Building a SaaS Application on Azure AKS with Github Actions
SaaS is a business and software delivery model that enables organisations to offer their solution in a service centric approach at scale usually on a subscription basis. SaaS adoption usually targets growth driven transformation, market expansion, operational simplicity and faster innovation with faster product releases.
SaaS infrastructures offer better cost efficiencies by leveraging economies of scale, resource pooling and sharing, and increased utilisation of the infrastructure in general. SaaS infra pattern is especially attractive for ISV’s since SaaS accelerates tenant onboarding, enables data collection and mining for platform users (e.g calculate CAC, CLTV, MRR, product consumption metrics…) and makes it much easier to address costly customer services centrally while enabling proactive customer engagements driven data.
SaaS infrastructure hosts multiple isolated tenants with the tools and services to automatically provision them as well as collect metrics and analytics for each. Each customer onboarded to a SaaS application is called a “tenant”. All the customers of a SaaS system run within a single Azure subscription/tenant using partially or fully shared resources. Such an infrastructure is called a “multi-tenant” infrastructure.
On this blog we will explain how to build a multi-tenant SaaS infrastructure on Azure AKS. There are many different ways to engage the multi-tenant architecture challenge in the cloud.
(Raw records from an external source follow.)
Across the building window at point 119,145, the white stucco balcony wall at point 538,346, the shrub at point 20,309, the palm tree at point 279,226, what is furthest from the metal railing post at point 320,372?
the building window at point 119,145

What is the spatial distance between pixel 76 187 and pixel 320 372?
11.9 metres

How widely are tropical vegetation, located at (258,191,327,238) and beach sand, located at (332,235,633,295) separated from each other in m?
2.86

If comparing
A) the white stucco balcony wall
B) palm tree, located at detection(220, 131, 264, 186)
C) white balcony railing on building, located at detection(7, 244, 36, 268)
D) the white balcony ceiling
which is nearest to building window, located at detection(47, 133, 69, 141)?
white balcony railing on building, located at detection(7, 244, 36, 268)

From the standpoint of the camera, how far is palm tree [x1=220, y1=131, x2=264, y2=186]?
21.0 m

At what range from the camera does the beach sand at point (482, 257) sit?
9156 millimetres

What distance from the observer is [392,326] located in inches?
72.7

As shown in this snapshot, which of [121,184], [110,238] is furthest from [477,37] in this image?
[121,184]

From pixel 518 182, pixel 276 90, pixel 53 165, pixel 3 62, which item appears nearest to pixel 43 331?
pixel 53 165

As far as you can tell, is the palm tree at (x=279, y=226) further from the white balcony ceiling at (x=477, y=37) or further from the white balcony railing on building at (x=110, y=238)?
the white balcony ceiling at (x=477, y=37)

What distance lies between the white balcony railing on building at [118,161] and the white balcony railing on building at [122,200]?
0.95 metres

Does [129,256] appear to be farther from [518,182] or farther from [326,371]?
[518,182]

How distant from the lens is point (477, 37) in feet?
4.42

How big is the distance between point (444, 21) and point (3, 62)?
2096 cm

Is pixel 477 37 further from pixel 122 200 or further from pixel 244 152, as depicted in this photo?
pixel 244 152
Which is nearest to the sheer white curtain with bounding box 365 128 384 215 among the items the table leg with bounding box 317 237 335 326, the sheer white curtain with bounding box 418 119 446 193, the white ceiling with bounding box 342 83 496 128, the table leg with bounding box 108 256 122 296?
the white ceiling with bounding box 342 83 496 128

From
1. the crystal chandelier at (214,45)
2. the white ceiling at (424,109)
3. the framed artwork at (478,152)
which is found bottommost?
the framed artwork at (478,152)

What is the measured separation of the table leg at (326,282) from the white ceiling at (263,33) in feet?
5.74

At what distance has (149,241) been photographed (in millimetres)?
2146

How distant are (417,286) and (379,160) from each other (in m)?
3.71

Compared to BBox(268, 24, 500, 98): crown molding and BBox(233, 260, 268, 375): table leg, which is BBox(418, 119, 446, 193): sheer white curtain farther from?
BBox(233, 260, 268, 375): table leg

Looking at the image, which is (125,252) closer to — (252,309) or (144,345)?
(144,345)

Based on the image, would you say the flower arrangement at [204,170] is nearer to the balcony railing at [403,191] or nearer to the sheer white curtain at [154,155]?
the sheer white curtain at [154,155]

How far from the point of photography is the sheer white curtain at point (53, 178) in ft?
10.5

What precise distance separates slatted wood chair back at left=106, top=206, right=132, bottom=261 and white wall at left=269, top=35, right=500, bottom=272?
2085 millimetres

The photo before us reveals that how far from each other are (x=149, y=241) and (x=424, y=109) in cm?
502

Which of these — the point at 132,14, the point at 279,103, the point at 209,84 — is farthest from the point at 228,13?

We will be focusing on a specific deployment model “cluster multi-tenancy” for an app developed cloud natively with microservices architecture.
Blog will mostly focus on two of the largest challenges for building a SaaS infra. These are a- tenant isolation capabilities of AKS b- automation of tenant onboarding onto AKS.
SaaS Infrastructure requirements
A SaaS solution by definition is multi-tenant. However multi-tenancy alone is not enough to make a solution a SaaS solution. Reliability and security pillars should be treated as priority infrastructure pillars as problems in these two pillars might create reputational failure especially at product launch and cause the startup services and products to fail.
There are four major Infrastructure requirements for a SaaS solution.
- multi-tenancy implementation
- Identity solution for SaaS users
- Automation of tenant onboarding
- Per tenant metrics and analytics driving billing and metering
Let’s dive in for a bit more detail for each…
1. Multi-tenancy for compute
Containers are a good fit for SaaS infrastructures since they can scale rapidly following the load on the system granularly, improving cost efficiency at the infrastructure layer.
Tenancy model covers a wide spectrum of choices, starting with dedicated clusters for each tenant to using shared clusters for all the tenants. In real cases deployment models adopt a combination of these two models keeping some infrastructure as fully shared to keeping dedicated infrastructure for tenants and services with special requirements.
On this blog, we will focus on the “cluster multi-tenancy” model where multiple instances of a workload are deployed onto the same compute cluster for a set of customers. Cluster multi-tenancy is an alternative to managing many single-tenant clusters. There might be cases where some services might be deployed to dedicated clusters for “premium” customers to ensure service availability, whereas “freemium” services are deployed to a shared cluster.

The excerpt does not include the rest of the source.